Respondent was charged as a juvenile delinquent in a petition alleging acts which, if committed by an adult, would constitute two counts of the crime of assault in the second degree, under Penal Law § 120.05 (1) (causing serious physical injury) and § 120.05 (2) (causing injury by means of a dangerous instrument). At the conclusion of the fact-finding hearing, Family Court granted respondent’s motion to dismiss the first allegation based on inadequate proof of physical injmy, but found sufficient proof to determine that respondent committed an act of attempted assault in the second degree (see Penal Law §§ 110.00, 120.05 [2]).

*1545Respondent was continued in the custody of his mother who, before the dispositional hearing, took him to Florida causing warrants to be issued for their arrest. Eventually, respondent returned to Franklin County, was placed in temporary predispositional detention and, after a dispositional hearing, was placed with the Franklin County Department of Social Services (hereinafter FCDSS) for a period of 12 months. Respondent now appeals from both the fact-finding and dispositional orders.*

Initially, respondent asserts that Family Court improperly denied his request to hold a Wade hearing but cites no evidence of a police-initiated identification. Although he suggests that a police officer used a school yearbook to help two witnesses identify him, the record reflects that no identification came from that process. Accordingly, this argument is without merit (see People v Gissendanner, 48 NY2d 543, 552 [1979]).
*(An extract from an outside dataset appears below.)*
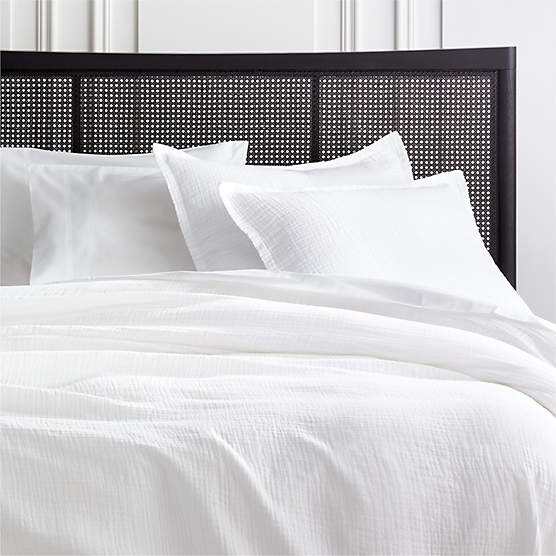 Alto Organic Cotton White Full/Queen Duvet Cover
Next, respondent argues that Family Court’s determination is not supported by legally sufficient evidence and it is against the weight of the evidence, primarily on the premise that he was justified in striking the victim. On the record before us, there exists a “valid line of reasoning and permissible inferences” (People v Bleakley, 69 NY2d 490, 495 [1987]) that allowed the court to find beyond a reasonable doubt that, as the initial aggressor, respondent was not justified in his actions (see Penal Law § 35.15 [1] [b]; People v Carter, 74 AD3d 1375, 1378 [2010], lv denied 15 NY3d 772 [2010]). Even before the victim picked up a stick, respondent and his friend were pursuing him. While they denied this, claiming that they were merely walking towards the victim to talk to him, the record supports the conclusion that they chased and cornered the victim.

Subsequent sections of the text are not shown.